O jornal Tribuna da Imprensa foi o mais censurado na ditadura militar. Diariamente tinha censores na redação entre os anos 1968 a 1978. Hélio processou o governo pelas censuras durante 10 anos, ganhou a ação, mas não se sabe se recebeu a indenização. Foram 72 anos de histórias, pois Hélio sempre foi muito bem informado o que ocorria´pelos bastidores da política brasileira.

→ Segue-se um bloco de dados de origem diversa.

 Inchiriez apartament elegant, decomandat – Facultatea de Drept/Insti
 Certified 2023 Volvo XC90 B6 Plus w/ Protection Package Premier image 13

Não perdoava ninguém com a sua metralhadora giratória até  dezembro de 2008, quando acabou fechando a sua Tribuna da Imprensa que completaria 60 anos.

O jornalista Carlos Newton continuou com a Tribuna da Imprensa pela internet onde havia publicações de outros jornalistas, como também o Daniel Mazola com o Tribuna  da Imprensa Sindical. Além dos seus artigos publicados nos dois blogues, Hélio sempre atento com mais de 95 anos, publicava seus comentários diariamente na sua página do Facebook. Era impressionante a sua pontaria e as repercussões polêmicas. Sua memória sempre foi precisa e prodigiosa. Falei algumas vezes por telefone e continuava com sua metralhadora nos pontos certeiros e dados precisos. Tive a honra do Hélio fazer parte como Membro Conselho Consultivo na minha chapa quando concorri para presidência da ABI, nas eleições de 2016.

Uma vez cheguei numa banca de jornal em São Pedro da Aldeia, pedindo jornal Tribuna da Imprensa, não tinha. Um senhor ao lado me disse que era fã do jornal e lia diariamente o Hélio Fernandes, tirava cópias dos artigos e distribuia aos amigos. Depois ele me contou, particularmente, fora da banca, que vigiou o Hélio Fernandes durante muito tempo na Rua do Lavradio, vestido de gari, vendedor de pipocas e pintor de paredes. Perguntei se foi um agente da repressão, ele confessou que foi da Marinha, agente do Cenimar e do SNI, mas nunca tinha torturado ninguém, só obedecia ordens para cumprir. Disse-me que tinha arrependido de tudo que fez e  tornado fã do Hélio Fernandes. Até me pediu para avisar ao Hélio que gostaria de ir ao Rio de Janeiro, pegar no seu braço e pedir desculpas. Avisei o Hélio, mas nunca se interessou em recebê-lo.

Na madrugada de 26 de março de 1981, os agentes do DOI-Codi explodiram com bombas as máquinas da Tribuna da Imprensa na Rua do Lavradio. Corri logo cedo para lá e assisti todas as entrevistas do Hélio no meio da rua e recebendo muitas solidariedades de vários políticos, inclusive do presidente da ABI Barbosa Lima Sobrinho.

Vá em paz Hélio Fernandes e continue sua eterna luta por um Brasil melhor.

Sergio Caldieri - Jornalista, escritor e diretor do Sindicato dos Jornalistas Profissionais do Estado do Rio de Janeiro-SJPERJ.

Hélio Fernandes no dia em que o DOI-CODI explodiu com bombas as máquinas da Tribuna da Imprensa. Na foto também o presidente da ABI Barbosa Lima Sobrinho.




Helio Fernandes no dia que a ditadura explodiu as instalações do jornal Tribuna da Imprensa. Na foto se vê o deputado Miro Teixeira.